As shown in Figures 19 and 20, a flange 114 that protrudes radially outward is provided at the end of the outer periphery of the valve body 11 on the coil section 50 side (the upper side in Figure 15). In this embodiment, the flange 114 is formed in a plate shape perpendicular to the axial direction.

As shown in Figures 15 and 21, the retainer 400 of this embodiment has a clip portion 41, a flange portion 42, and a tapered portion 43. A flange 114 formed on the outer periphery of the valve body 11 is engaged and fixed in the through hole 412 of the clip portion 41. This restrains the expansion valve 100 in the removal direction (i.e., the axial direction) relative to the manifold 300. The through hole 412 of this embodiment corresponds to an example of a second engagement portion.
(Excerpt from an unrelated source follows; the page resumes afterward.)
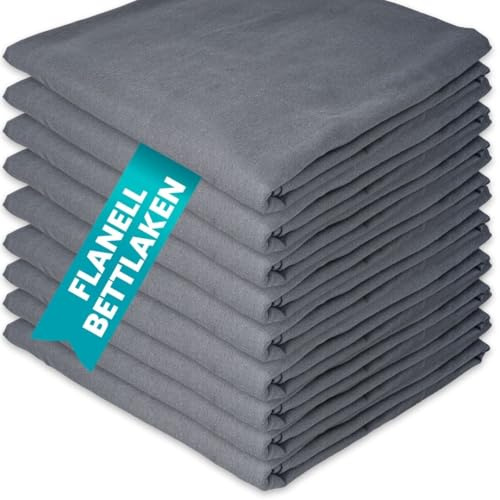 Flanell Bettlaken 100x200 cm Anthrazit Baumwolle ohne Gummizug | Glatte Betttuch 100 % Baumwolle Atmungsaktiv, Waschbar & pflegeleicht. Hotel Laken flauschig ohne Spanngummi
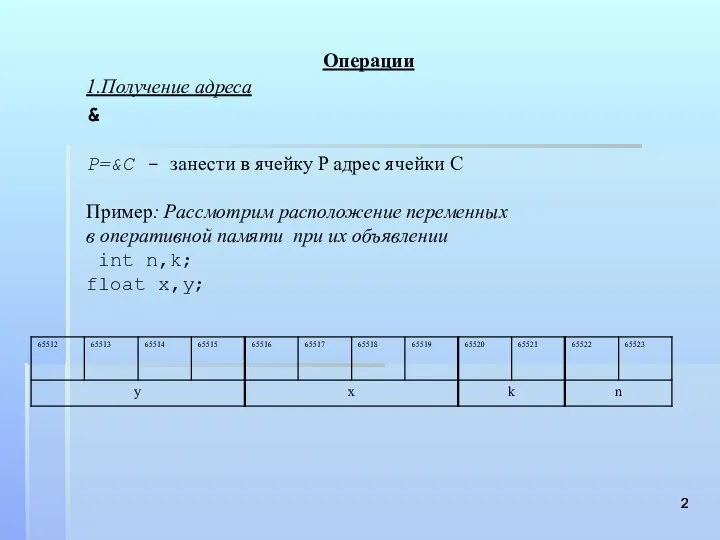 Операции 1.Получение адреса & P=&C - занести в ячейку P адрес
The flange portion 42 is connected to the side of the clip portion 41 opposite the coil portion 50 (the lower side in FIG. 21). The flange portion 42 is formed in a plate shape extending from the end of each side portion 411 of the clip portion 41 opposite the coil portion 50 toward the radial inside of the expansion valve 100. Two flange portions 42 are provided facing each other with the cylindrical portion 34 of the manifold 300 in between.

The flange 42 is engaged and fixed in a groove 35 formed on the outer periphery of the manifold 300. This restrains the expansion valve 100 in the removal direction (i.e., the axial direction) relative to the manifold 300. The flange 42 in this embodiment corresponds to an example of a first engagement portion.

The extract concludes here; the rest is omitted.